▸ Exercise goal
Each entry must come back word for word; drop the images as you go.

---

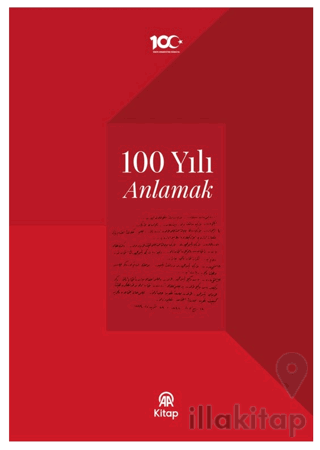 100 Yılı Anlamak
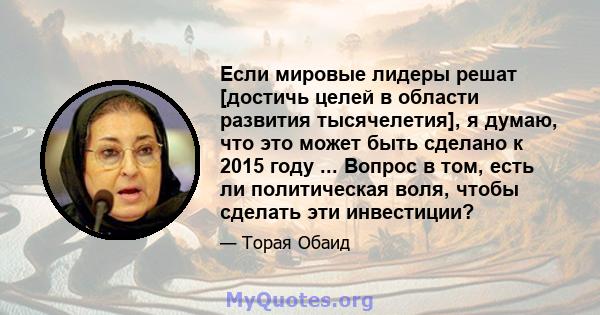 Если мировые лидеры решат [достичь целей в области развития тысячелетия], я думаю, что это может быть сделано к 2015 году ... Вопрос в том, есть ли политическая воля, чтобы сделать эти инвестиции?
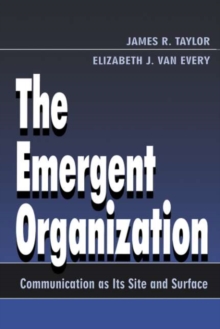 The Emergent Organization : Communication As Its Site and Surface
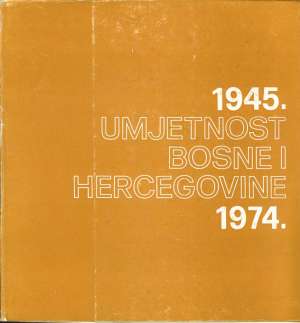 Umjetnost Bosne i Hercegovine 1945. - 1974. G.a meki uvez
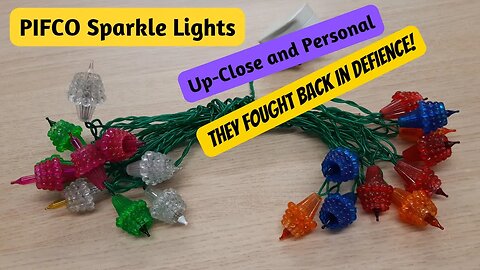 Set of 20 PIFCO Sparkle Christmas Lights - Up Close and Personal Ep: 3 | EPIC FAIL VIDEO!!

---

▸ Result of this task
 100 Yılı Anlamak
 Если мировые лидеры решат [достичь целей в области развития тысячелетия], я думаю, что это может быть сделано к 2015 году ... Вопрос в том, есть ли политическая воля, чтобы сделать эти инвестиции?
 The Emergent Organization : Communication As Its Site and Surface
 Umjetnost Bosne i Hercegovine 1945. - 1974. G.a meki uvez
 Set of 20 PIFCO Sparkle Christmas Lights - Up Close and Personal Ep: 3 | EPIC FAIL VIDEO!!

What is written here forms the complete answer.